══ DATA FOR PROCESSING ══

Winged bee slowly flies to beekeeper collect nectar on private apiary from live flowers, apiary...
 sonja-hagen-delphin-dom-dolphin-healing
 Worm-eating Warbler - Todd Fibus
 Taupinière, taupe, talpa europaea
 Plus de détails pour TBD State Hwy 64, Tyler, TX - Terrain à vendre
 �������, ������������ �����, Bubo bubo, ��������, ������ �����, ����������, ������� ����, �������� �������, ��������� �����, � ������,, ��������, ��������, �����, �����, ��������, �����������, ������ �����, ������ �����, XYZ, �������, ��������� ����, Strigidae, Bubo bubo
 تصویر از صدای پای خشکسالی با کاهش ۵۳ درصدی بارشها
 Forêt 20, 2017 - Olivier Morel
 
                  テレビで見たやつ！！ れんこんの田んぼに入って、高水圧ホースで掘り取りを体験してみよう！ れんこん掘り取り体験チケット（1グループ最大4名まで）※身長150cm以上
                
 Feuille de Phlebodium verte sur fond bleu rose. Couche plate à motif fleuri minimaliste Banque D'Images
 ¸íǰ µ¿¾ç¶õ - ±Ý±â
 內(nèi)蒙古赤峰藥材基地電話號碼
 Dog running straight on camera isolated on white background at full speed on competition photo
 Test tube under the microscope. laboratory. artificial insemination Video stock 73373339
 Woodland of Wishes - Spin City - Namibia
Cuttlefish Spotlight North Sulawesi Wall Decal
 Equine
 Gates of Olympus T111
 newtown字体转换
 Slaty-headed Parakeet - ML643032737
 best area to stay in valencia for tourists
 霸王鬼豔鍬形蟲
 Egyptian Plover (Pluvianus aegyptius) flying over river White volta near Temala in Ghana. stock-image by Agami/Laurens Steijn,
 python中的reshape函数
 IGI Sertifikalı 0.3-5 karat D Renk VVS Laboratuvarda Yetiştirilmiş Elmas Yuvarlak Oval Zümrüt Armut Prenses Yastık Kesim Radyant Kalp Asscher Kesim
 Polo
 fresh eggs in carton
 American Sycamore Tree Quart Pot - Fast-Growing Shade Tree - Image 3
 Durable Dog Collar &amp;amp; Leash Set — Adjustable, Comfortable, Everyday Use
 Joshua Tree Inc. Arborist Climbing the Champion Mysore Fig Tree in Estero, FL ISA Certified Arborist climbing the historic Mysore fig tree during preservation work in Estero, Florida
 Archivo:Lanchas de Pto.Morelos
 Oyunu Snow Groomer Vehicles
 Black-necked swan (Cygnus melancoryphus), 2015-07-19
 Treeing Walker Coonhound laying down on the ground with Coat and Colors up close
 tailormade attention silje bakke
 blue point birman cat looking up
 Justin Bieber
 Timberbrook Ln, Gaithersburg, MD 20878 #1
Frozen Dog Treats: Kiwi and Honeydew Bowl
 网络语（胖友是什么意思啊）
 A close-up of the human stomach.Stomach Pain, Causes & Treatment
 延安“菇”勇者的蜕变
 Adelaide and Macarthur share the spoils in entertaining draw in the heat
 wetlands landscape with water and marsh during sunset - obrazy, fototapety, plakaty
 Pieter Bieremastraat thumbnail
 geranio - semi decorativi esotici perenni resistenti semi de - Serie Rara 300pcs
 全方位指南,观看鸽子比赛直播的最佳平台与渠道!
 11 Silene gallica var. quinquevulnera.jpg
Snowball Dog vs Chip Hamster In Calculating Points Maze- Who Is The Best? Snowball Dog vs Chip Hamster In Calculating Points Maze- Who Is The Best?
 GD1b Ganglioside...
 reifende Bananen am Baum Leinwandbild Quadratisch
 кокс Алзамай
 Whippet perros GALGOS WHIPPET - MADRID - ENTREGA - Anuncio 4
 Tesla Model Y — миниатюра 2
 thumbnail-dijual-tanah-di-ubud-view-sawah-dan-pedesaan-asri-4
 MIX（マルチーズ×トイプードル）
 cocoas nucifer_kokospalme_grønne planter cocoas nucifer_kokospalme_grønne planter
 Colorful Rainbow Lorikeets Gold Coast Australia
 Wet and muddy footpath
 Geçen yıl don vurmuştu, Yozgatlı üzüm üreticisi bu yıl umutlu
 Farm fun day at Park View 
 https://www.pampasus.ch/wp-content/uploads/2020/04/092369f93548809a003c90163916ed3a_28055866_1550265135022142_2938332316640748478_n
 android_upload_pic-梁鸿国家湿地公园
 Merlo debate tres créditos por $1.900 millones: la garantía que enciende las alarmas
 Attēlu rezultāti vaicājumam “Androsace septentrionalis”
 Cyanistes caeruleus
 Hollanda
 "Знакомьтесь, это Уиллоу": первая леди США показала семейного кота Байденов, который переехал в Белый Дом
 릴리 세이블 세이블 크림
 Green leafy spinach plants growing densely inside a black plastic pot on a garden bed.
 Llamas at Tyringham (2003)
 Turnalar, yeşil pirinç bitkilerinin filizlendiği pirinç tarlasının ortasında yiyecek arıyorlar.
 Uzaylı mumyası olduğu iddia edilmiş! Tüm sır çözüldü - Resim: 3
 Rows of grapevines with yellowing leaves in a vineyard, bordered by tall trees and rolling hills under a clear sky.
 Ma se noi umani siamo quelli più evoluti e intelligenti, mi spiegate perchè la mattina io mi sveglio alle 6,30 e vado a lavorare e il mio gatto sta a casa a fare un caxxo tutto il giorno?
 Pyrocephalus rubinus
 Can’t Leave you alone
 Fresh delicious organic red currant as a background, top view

═══

Find the word "with" in the entries above, then copy each line that holds it.

EXPECTED OUTPUT:
 Treeing Walker Coonhound laying down on the ground with Coat and Colors up close
 wetlands landscape with water and marsh during sunset - obrazy, fototapety, plakaty
 Rows of grapevines with yellowing leaves in a vineyard, bordered by tall trees and rolling hills under a clear sky.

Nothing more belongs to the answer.